● **TASK OBJECTIVE**: Please reproduce the entries below exactly, starting at the first line and ending with the line that holds "Cubre Volante +".

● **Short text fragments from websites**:

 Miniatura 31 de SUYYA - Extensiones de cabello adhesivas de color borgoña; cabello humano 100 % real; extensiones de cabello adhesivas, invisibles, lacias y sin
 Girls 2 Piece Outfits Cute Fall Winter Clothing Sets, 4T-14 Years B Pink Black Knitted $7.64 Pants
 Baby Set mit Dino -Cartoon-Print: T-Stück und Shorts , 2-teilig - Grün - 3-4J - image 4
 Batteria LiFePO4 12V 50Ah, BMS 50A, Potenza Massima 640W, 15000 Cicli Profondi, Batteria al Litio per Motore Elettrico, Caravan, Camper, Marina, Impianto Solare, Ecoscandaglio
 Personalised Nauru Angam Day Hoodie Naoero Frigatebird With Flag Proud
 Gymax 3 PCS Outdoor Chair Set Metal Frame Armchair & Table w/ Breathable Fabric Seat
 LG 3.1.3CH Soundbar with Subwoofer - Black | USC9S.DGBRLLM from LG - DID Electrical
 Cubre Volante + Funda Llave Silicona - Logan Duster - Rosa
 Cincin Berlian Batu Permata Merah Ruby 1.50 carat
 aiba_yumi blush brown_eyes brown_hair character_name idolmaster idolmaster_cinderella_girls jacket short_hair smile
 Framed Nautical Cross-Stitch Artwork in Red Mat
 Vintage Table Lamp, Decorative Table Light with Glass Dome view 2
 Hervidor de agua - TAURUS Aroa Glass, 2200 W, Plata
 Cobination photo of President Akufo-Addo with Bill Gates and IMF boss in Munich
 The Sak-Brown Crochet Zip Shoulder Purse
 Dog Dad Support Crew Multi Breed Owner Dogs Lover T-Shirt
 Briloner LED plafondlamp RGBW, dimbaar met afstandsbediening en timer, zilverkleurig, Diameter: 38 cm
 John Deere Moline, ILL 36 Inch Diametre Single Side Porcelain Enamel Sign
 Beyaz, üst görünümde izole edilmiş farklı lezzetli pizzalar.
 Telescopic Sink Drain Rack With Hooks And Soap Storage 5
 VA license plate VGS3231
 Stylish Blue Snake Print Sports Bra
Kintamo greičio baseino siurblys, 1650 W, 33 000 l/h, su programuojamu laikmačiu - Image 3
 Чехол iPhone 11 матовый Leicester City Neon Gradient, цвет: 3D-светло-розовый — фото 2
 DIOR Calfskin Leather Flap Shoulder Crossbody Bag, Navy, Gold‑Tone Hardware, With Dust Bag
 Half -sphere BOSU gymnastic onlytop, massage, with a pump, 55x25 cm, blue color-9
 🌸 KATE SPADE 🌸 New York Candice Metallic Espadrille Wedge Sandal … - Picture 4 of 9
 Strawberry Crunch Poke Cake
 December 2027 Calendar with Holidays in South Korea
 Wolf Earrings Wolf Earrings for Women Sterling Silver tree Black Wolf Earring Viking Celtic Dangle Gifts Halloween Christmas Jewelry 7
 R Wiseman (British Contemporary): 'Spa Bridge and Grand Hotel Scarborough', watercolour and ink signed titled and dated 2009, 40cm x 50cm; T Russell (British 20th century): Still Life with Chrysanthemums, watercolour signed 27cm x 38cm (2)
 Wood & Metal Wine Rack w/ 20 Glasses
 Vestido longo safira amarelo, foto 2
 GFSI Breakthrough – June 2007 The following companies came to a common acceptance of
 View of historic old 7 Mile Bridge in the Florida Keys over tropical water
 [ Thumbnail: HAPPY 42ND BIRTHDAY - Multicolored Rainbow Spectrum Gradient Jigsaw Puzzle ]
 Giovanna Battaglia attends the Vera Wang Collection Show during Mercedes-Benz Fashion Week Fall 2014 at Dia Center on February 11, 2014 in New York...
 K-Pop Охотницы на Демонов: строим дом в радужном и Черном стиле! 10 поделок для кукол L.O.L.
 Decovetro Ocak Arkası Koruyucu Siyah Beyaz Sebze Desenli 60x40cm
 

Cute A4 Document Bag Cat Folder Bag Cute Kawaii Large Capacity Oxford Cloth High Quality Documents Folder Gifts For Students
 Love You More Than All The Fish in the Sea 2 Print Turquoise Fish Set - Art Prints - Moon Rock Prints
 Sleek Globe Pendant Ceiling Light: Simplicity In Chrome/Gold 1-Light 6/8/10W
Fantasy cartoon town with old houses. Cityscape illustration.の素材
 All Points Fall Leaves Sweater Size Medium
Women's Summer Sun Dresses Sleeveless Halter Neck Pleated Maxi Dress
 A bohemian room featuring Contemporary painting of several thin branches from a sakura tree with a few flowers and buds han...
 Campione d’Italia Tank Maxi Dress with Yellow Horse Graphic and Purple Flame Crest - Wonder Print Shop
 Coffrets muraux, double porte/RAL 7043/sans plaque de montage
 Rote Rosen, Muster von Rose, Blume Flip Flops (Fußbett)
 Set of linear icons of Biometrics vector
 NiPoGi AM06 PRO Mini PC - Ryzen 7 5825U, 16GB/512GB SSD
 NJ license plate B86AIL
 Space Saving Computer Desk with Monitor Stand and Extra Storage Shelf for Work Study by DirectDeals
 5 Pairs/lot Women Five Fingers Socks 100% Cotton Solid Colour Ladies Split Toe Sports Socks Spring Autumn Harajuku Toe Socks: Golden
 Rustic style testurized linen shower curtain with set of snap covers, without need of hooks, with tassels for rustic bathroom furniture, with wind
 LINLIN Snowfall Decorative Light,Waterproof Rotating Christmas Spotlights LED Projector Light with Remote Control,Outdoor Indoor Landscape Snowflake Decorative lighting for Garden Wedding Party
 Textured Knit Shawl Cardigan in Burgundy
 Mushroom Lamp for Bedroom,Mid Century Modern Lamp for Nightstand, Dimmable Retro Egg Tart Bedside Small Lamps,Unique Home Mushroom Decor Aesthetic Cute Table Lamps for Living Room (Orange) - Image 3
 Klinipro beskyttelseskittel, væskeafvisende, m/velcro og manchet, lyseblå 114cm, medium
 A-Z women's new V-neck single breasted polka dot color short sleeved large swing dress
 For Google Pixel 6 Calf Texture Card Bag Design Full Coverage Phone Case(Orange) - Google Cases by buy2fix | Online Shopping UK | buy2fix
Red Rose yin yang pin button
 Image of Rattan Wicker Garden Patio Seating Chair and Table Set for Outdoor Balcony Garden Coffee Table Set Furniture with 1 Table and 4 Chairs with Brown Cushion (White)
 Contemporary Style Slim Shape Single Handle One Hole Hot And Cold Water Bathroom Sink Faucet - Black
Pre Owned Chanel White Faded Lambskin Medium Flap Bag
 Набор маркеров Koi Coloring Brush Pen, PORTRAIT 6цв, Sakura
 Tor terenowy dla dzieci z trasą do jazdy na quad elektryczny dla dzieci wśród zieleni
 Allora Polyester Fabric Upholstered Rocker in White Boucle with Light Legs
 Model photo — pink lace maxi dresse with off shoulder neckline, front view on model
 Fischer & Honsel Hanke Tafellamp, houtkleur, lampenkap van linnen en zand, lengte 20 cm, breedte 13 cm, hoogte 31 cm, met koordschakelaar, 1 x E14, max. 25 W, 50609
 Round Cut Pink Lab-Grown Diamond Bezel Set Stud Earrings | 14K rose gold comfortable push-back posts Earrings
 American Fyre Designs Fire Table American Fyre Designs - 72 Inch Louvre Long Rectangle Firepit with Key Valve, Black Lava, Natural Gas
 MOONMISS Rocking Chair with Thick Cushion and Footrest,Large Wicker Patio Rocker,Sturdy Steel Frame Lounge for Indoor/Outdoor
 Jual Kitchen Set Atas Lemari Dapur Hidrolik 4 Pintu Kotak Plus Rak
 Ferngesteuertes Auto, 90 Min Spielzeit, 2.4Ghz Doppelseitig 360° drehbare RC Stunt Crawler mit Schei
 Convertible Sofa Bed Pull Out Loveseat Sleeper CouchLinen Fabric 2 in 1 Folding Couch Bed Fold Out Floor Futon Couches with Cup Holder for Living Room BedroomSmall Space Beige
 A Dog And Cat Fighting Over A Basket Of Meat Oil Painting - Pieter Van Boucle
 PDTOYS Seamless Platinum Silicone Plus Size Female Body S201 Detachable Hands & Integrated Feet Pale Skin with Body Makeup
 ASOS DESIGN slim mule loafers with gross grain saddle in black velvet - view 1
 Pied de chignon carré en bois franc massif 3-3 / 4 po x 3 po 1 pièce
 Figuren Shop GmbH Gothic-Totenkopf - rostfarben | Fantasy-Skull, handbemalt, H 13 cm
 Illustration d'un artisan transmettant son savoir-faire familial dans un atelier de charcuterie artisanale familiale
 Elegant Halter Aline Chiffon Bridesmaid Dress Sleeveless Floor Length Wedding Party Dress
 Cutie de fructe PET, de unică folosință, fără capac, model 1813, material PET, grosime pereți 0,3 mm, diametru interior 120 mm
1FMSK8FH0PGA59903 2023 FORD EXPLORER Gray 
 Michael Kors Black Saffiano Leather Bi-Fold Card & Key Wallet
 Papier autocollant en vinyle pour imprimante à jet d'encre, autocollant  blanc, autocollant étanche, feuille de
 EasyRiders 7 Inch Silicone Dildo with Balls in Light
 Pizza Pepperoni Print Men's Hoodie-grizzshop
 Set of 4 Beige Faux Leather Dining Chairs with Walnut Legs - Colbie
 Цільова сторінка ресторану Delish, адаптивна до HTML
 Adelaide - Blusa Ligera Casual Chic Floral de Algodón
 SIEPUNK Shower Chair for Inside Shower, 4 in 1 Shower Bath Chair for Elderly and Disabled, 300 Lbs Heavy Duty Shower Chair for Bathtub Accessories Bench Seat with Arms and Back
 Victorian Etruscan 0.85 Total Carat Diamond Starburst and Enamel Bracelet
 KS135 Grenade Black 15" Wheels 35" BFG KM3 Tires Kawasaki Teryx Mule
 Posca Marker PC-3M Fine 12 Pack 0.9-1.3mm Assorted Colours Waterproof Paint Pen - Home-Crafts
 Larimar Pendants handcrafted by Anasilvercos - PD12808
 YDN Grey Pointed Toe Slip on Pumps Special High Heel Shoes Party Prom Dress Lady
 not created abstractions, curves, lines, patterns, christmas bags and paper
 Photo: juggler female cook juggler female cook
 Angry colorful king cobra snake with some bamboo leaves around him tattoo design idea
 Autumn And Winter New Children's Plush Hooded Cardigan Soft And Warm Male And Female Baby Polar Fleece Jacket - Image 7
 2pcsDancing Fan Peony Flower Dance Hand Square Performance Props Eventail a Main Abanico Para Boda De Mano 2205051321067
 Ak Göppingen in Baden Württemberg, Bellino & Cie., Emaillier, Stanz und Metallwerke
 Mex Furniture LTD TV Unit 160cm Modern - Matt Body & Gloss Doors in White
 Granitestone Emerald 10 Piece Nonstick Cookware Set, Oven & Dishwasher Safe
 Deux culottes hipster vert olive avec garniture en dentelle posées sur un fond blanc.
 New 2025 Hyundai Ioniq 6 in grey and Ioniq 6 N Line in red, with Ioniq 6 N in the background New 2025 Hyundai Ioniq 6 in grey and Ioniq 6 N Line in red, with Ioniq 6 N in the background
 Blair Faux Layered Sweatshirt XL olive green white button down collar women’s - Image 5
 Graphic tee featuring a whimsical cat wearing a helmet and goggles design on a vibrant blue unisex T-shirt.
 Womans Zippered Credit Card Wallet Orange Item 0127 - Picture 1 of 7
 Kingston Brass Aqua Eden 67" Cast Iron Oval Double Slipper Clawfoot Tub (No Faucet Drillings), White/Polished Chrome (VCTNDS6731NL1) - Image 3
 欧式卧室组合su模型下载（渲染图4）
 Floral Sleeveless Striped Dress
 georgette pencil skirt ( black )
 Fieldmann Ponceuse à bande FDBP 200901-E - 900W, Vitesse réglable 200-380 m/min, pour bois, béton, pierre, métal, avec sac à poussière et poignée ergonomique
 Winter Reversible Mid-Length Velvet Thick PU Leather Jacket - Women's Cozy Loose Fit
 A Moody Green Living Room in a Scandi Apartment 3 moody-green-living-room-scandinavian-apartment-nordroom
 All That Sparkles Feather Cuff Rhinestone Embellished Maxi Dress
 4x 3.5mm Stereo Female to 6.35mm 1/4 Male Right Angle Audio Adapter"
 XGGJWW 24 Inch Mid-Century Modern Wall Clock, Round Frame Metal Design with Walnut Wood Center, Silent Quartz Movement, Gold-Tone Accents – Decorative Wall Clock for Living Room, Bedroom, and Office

● **ANSWER AREA**:
 Miniatura 31 de SUYYA - Extensiones de cabello adhesivas de color borgoña; cabello humano 100 % real; extensiones de cabello adhesivas, invisibles, lacias y sin
 Girls 2 Piece Outfits Cute Fall Winter Clothing Sets, 4T-14 Years B Pink Black Knitted $7.64 Pants
 Baby Set mit Dino -Cartoon-Print: T-Stück und Shorts , 2-teilig - Grün - 3-4J - image 4
 Batteria LiFePO4 12V 50Ah, BMS 50A, Potenza Massima 640W, 15000 Cicli Profondi, Batteria al Litio per Motore Elettrico, Caravan, Camper, Marina, Impianto Solare, Ecoscandaglio
 Personalised Nauru Angam Day Hoodie Naoero Frigatebird With Flag Proud
 Gymax 3 PCS Outdoor Chair Set Metal Frame Armchair & Table w/ Breathable Fabric Seat
 LG 3.1.3CH Soundbar with Subwoofer - Black | USC9S.DGBRLLM from LG - DID Electrical
 Cubre Volante + Funda Llave Silicona - Logan Duster - Rosa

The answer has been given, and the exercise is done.